Edwin made circles with his fingers and pressed them to his eyes, an imaginary pair of goggles. Night-vision goggles, if Gabby had to guess. Some sort of joke. She set the microwave for three minutes.
“The one sitting at the head of the table, Gabriela, I saw her face and thought, I know you.”
“No, no,” Edwin said, still with his fingers wrapped around his eyes. “Mr. Jackson’s wife.”
Edwin stood and walked the five steps from the sofa to the kitchen. Gabby kept her back to him, still facing the microwave. His hands were rough at the palms from seven years spent cutting the left leg off broiler chickens. His calluses scraped across her bare thighs as he moved in behind her and rested his chin on her shoulder.
Edwin said, “Mr. Jackson. The man who ups the birds per minute from one-forty to one seventy-five and now we can’t even take a piss? That was his wife at the restaurant, complaining about her six-month-old child. Talking crazy. Like you wouldn’t believe.”
“What was she complaining about?”
“I don’t know. Her words, her worries, none of it made sense to me. Not after what we’ve been through.”

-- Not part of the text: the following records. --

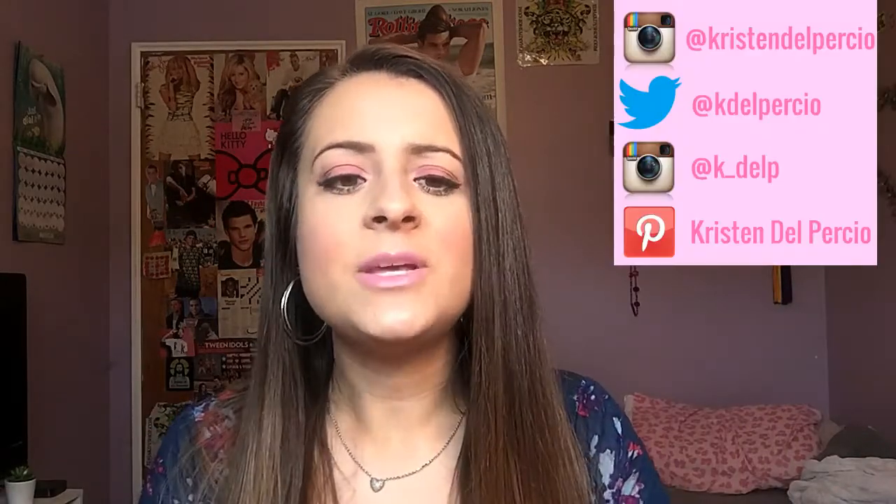Hey guys, welcome back to my channel. Today's video is on this look right here. This was actually requested a couple videos back — someone had requested that I do an orange look and a pink look. You guys already have seen the orange look, so here is the pink one. I'm not confident in pink eyeshadows at all, but I feel pretty confident with this look. I really like how it turned out. So if you guys want to see how I got this look, then keep on watching.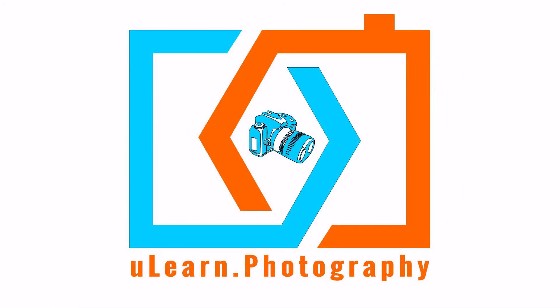Subscribe now for regular tips and updates. To find out more, go to ulearn.photography.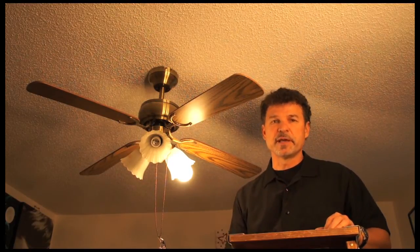This has been Ron Duncan with House to Home. And that's how you repair a loosened ceiling fan fixture. Thank you.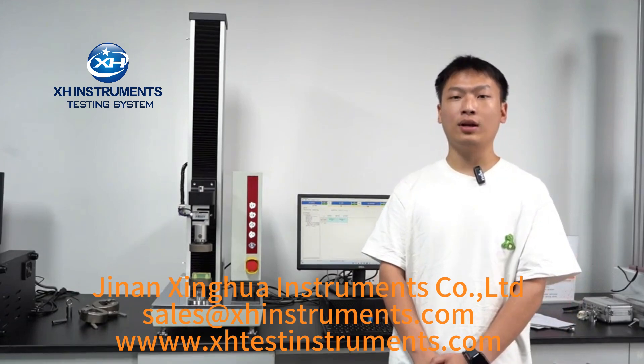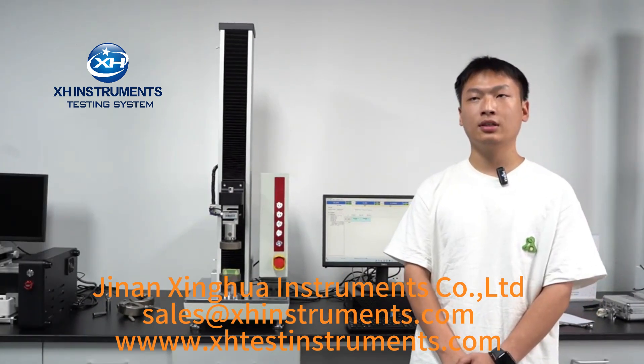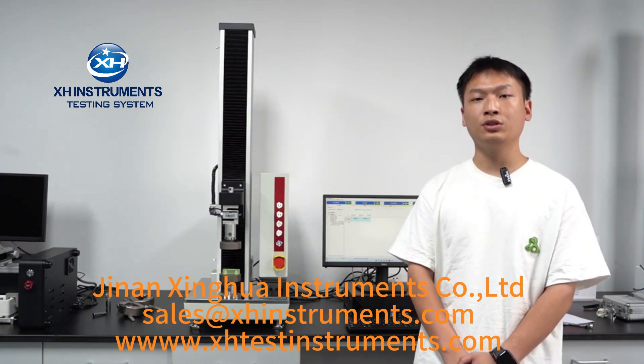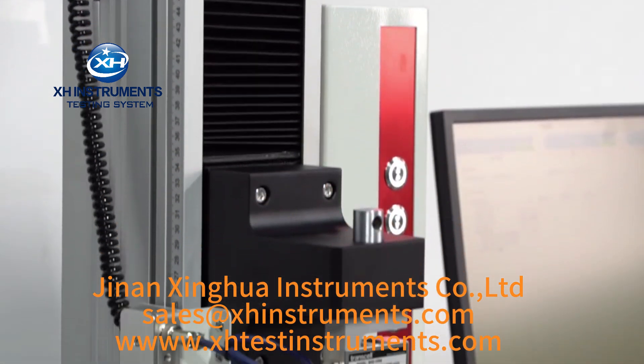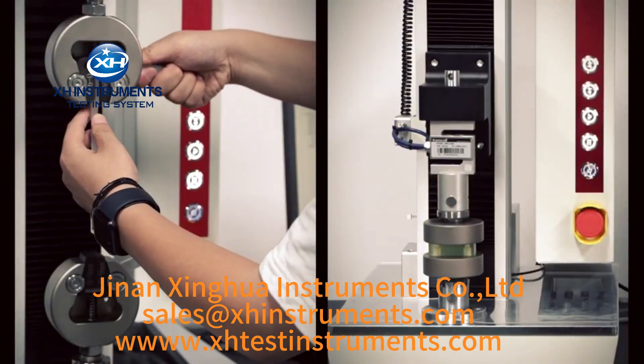Before introducing, I would like to remind everyone that this video is only an introduction to the equipment and cannot replace complete training. Each testing machine is equipped with an operation manual for user's reference. This high-precision tensile testing machine can meet various mechanical testing needs, such as tension, compression, and bending.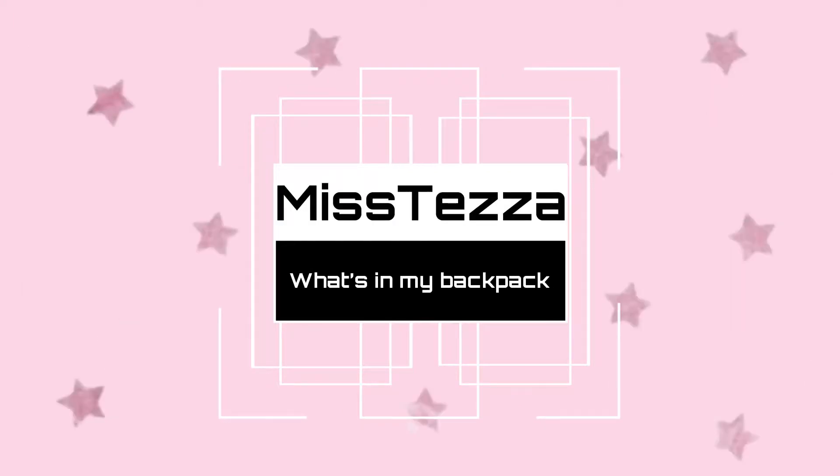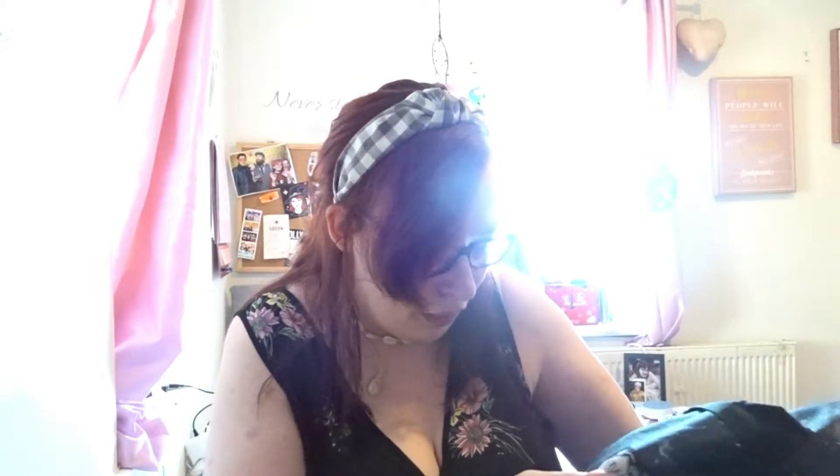So this is my backpack that I use mostly every day and I even use it for work, so yeah, it's nice and handy because I can put a lot in. I got it from Sports Direct for about 10 pounds because it was on sale. I quite like it because it's black and it has this galaxy effect.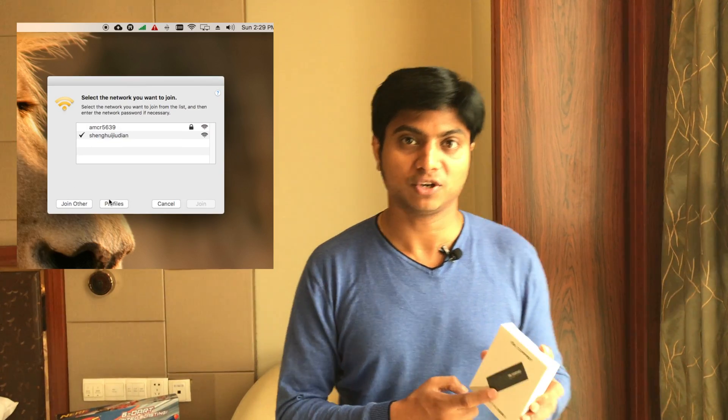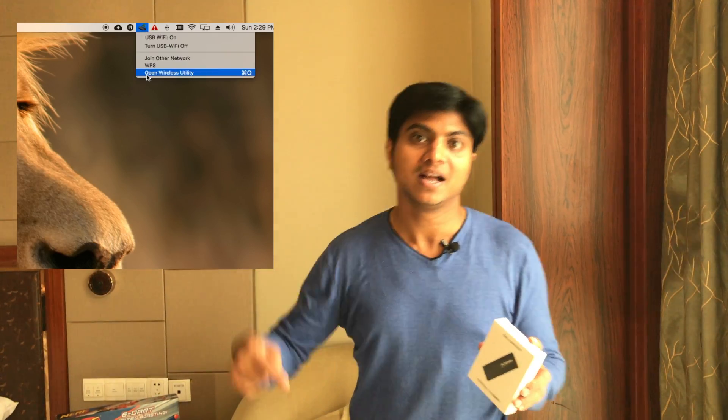I'll also show you how to set up this Wi-Fi receiver on your PC or Macintosh. I have a Mac OS device, so I'll show you how to set it up on the Mac. The drivers are provided in the description for Mac, so you don't have to worry.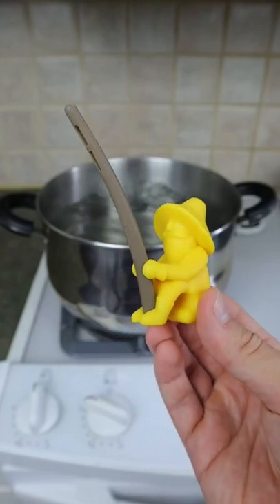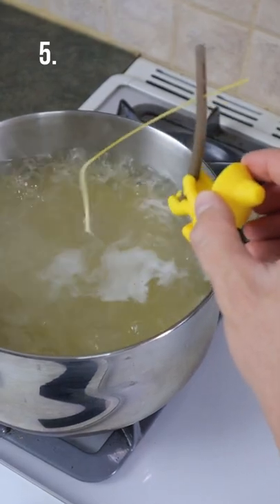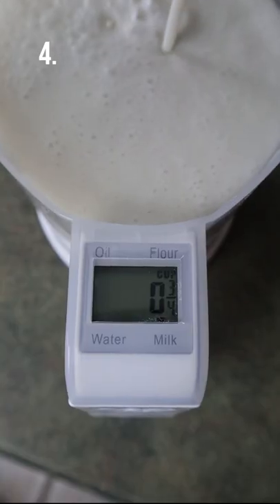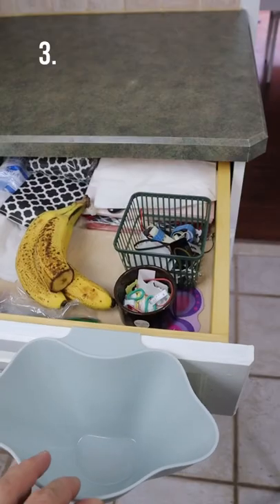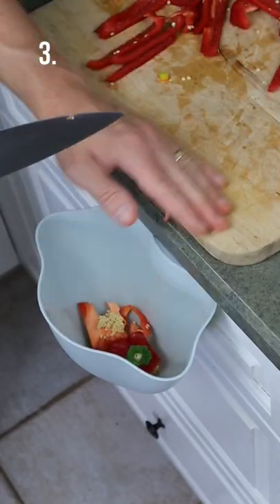This spaghetti tester will cast one noodle of spaghetti in the boiling water, sit on the edge, and let you know whether your pasta is ready or not. This digital scale and measuring cup in one tells you precisely the volume or weight you are pouring in. This mini garbage bin that hangs from your cabinet door and allows you to easily dispose of food scraps.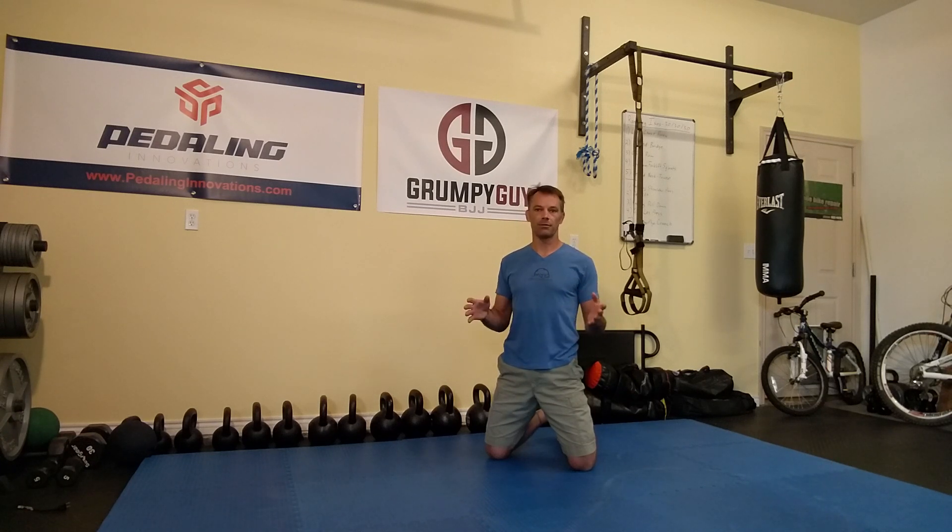Give it a shot and let me know what you think. Once again, this has been James Wilson with MTB Strength Training Systems. You can check me out at BikeJames.com, or you can sign up for my newsletter — you get a free workout and a bunch of other free stuff to help you ride better and have more fun on your bike. I hope you enjoyed this tip and I'll talk to you in the next one.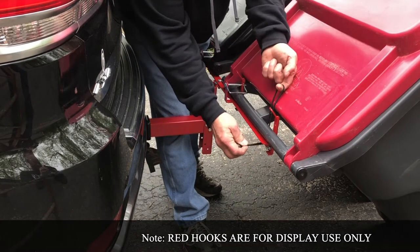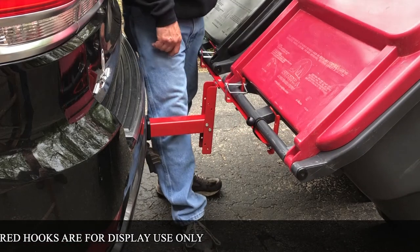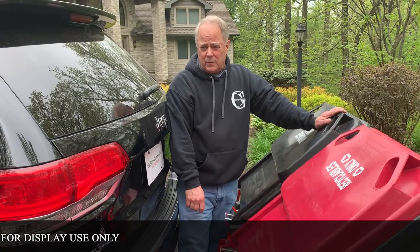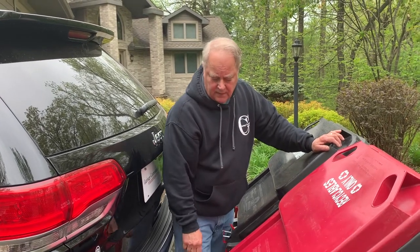We're just securing the can's handle, wrap it around, pull the ball, and that's all there is. We sell those on the website. That'll do the same thing and it just keeps it in case it wants to try and lift off.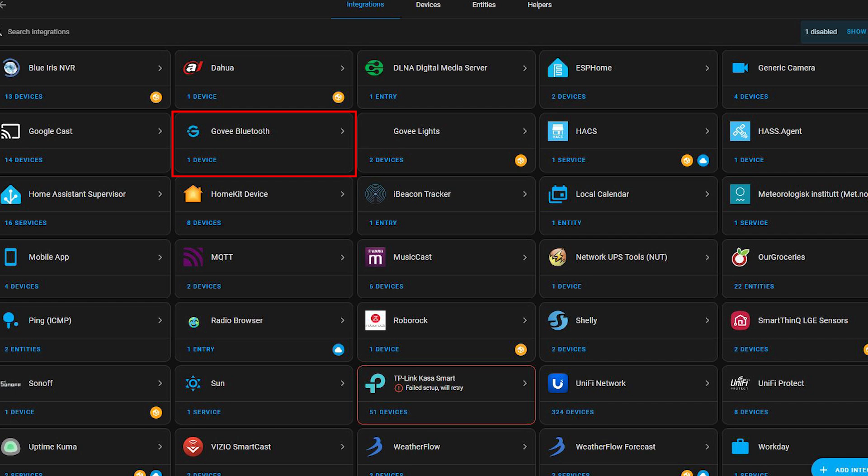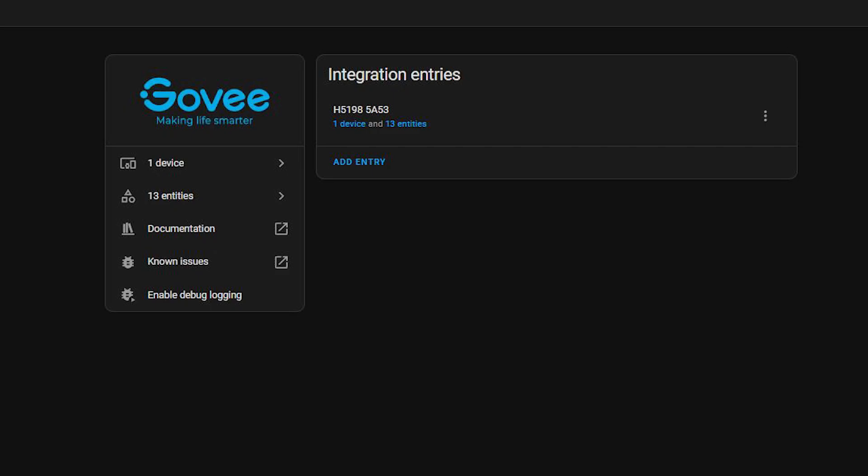The little manual in the box tells you all about getting started. You need to download and install the Govee Home app — I already had it because of the lights behind me. I just launched the app, tapped the plus in the corner to add and activate the device, and then it popped up in Home Assistant as soon as my ESP32 Bluetooth proxy discovered it. It uses the Govee Bluetooth integration and shows up as one device with 13 entities.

Gabby struggled under his weight. She lifted her finger to the microwave and pushed a button. The pink plastic bowl, spinning as it heated up, was distorted through the microwave’s cracked glass door.
“It wasn’t our time, Edwin. We weren’t ready. That’s all.”
“And these women at La Huerta? They were ready? They’re not even thankful.”
Gabby watched the green glowing numbers across the top of the microwave tick down, thinking of the long hours at the plant, the antibacterial sprays coating everything. Stuck in her hair, on her skin, so thick she would taste it on the noodles when it was finally time to eat. The worst part—the point Edwin would’ve made if he hadn’t gone to the restaurant and come home with his beer goggles on—was the lack of bathroom breaks. That’s why Gabby had stopped drinking water. She’d go a whole day and drink nothing, terrified of standing there in her soaked-through panties for hours like she had that one time, early on, but never again. This was back before Edwin talked to Luis and learned about the diapers. Before he knew she was pregnant, and then she wasn’t. Edwin in the living room saying to her one night, “You knew? You knew and still you would drink nothing? Gabriela?” In the weeks that followed, Edwin printed off articles from the internet, citing the importance of water consumption during pregnancy, something about the amniotic fluid.
Gabby felt Edwin’s hands fall away from her thighs, his chin heavy on her shoulder. She watched the green numbers change, trying not to think of Mr. Jackson’s wife in a Mexican restaurant complaining about her baby, and then the microwave dinged.